Once connected to the nodes, we have a bunch of environment variables to setup:
The following setup is expected for staging:
export KAFKA_SERVER=storage1.internal.staging.swh.network:9092 export NB_PARTITIONS=64 export REPLICATION_FACTOR=1
The following setup is expected for production:
export KAFKA_SERVER=kafka1.internal.softwareheritage.org:9092 export NB_PARTITIONS=256 export REPLICATION_FACTOR=2
Note: Report to the Service urls page to determine what kafka server to use.
Existing topics are prefixed with the following names:
swh.journal.objects: Objects written (by loaders) in the archive are pushed in those topics
swh.journal.indexed: Objects written by the indexers (derived out of the objects in the archive)
FIXME: Update topics with test topics and eventually the new provenance ones
Topics must be created before any services consume or write to them. Otherwise, they will be created with the wrong configuration.

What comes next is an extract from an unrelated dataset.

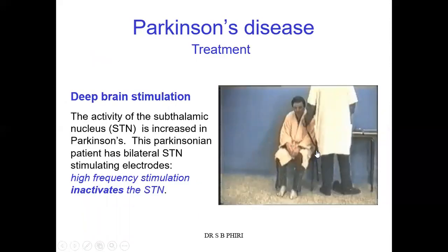Another form of treatment is deep brain stimulation. The activity of the subthalamic nucleus is increased in Parkinson's. These patients have bilateral subthalamic nucleus stimulating electrodes installed. A high frequency of stimulation is going to inactivate the subthalamic nucleus, so it will not stimulate the inhibitory neurons that bring about hypokinesia. In this way, you are inhibiting the indirect pathway, which facilitates some movement.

If a topic got created without the proper configuration, we can delete it:
$KAFKA_TOPICS --bootstrap-server $KAFKA_SERVER \ --topic $TOPIC \ --delete
And then create it back with the proper setup:
$KAFKA_TOPICS --bootstrap-server $KAFKA_SERVER \ --create --topic $TOPIC \ --partitions $NB_PARTITIONS \ --replication-factor $REPLICATION_FACTOR
Note: Provided the TOPIC variable is set appropriately.
Consumer group reset#
Once in a while, due to a change in data format, or migration, we need to reset the topics so the consumer can restart from scratch.
Example of consumer groups:
swh.indexer.journal_client.extrinsic_metadata: anonymous consumer group
swh-indexer-prod-01-swh.indexer.journal_client.extrinsic_metadata: authenticated production consumer group is prefixed by the user name
$KAFKA_CONSUMER_GROUPS \ --bootstrap-server $KAFKA_SERVER \ --group $CONSUMER_GROUP \ --reset-offsets --to-earliest \ --all-topics
Provided the CONSUMER_GROUP variable is set appropriately
The reset can be more restrictive on specific topics, replace –all-topics by as many calls to –topic $TOPIC as topics are involved.